Exercise instructions
Please reproduce the entries below exactly from the line holding "2019 Hyundai Santa" through the last line, both included, and omit any pictures.

(Scraped caption text data)
+ + + +
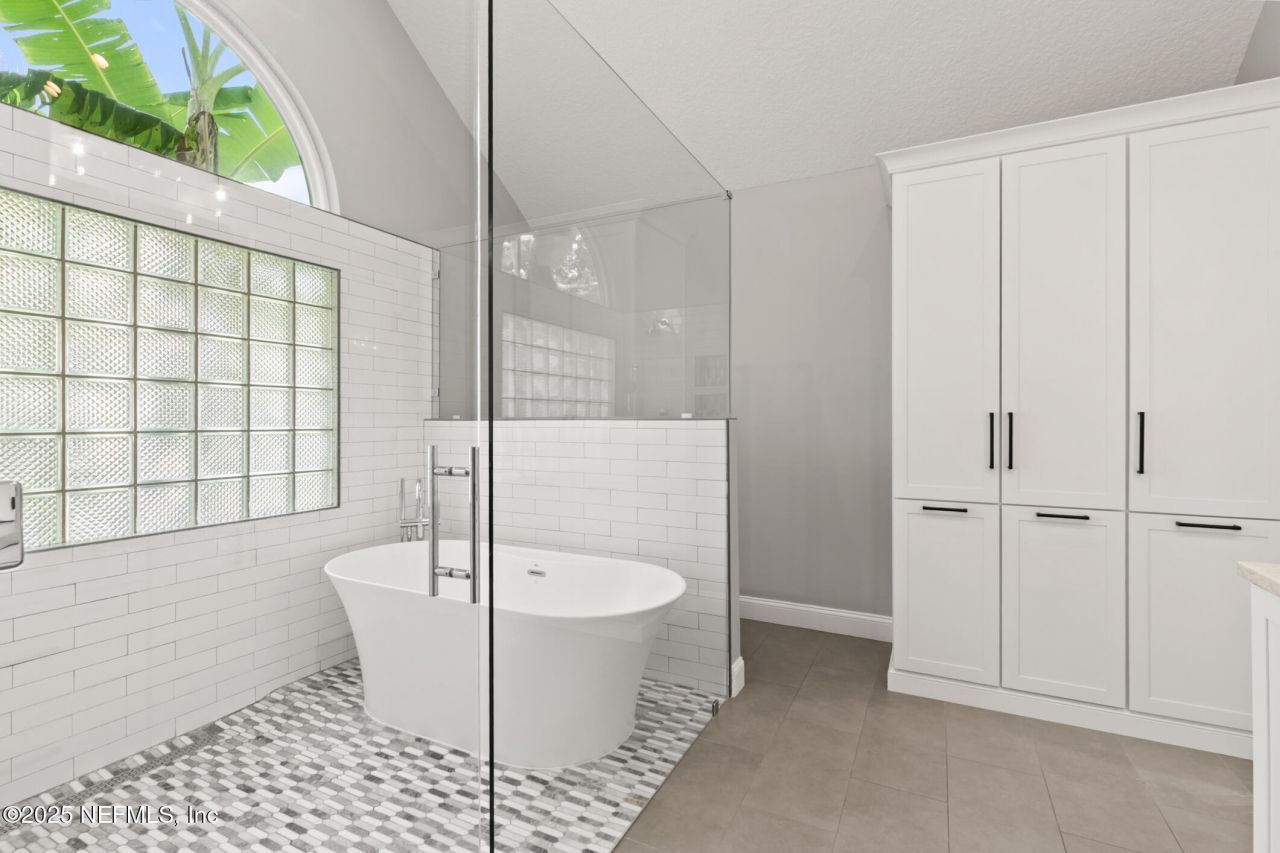 2341 Fiddlers Lane, Atlantic Beach, FL 32233 Photo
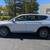 2019 Hyundai Santa Fe AWD All Wheel Drive SEL SUV 9 thumbnail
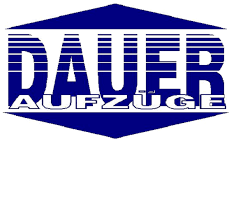 Dauer Aufzüge GmbH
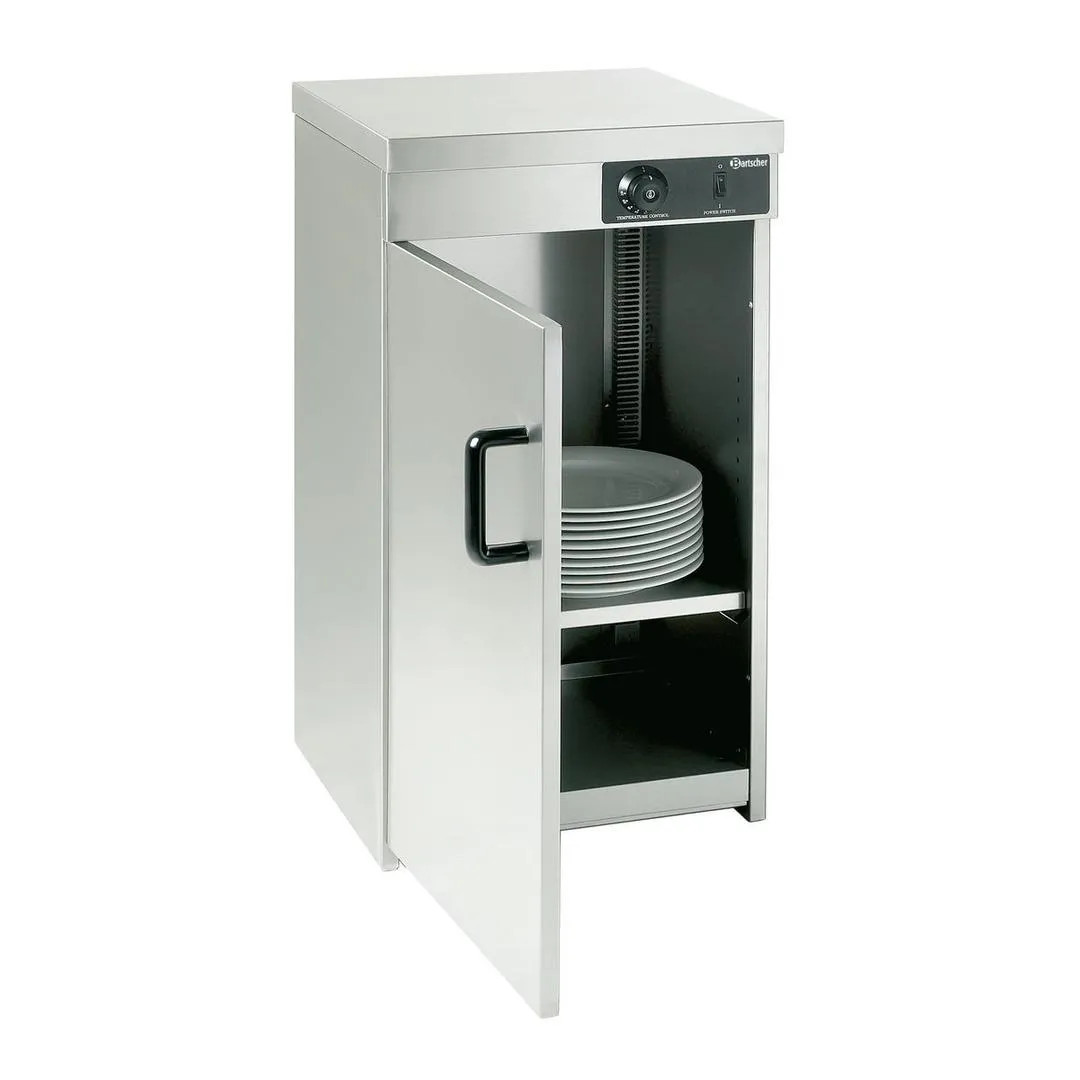 Armoire chauff., 1T, 55-60 ass.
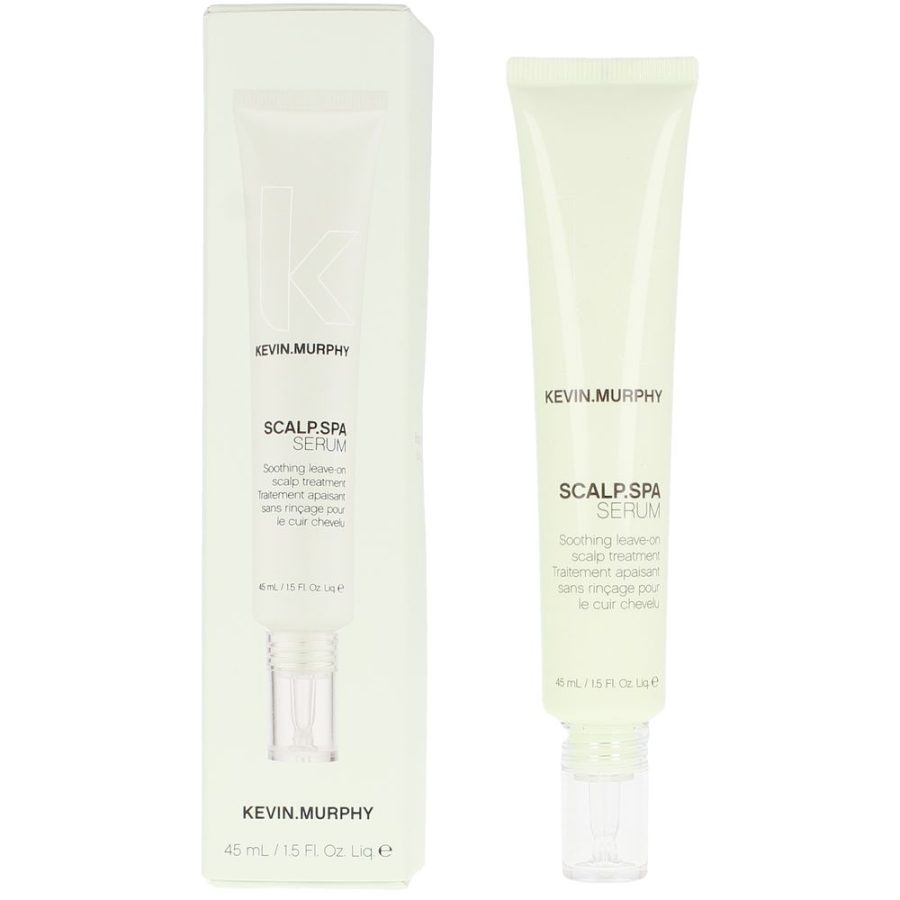 Kevin murphy SCALP.SPA SERUM comforts and calms 45 ml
+ + + +
Exercise response
 2019 Hyundai Santa Fe AWD All Wheel Drive SEL SUV 9 thumbnail
 Dauer Aufzüge GmbH
 Armoire chauff., 1T, 55-60 ass.
 Kevin murphy SCALP.SPA SERUM comforts and calms 45 ml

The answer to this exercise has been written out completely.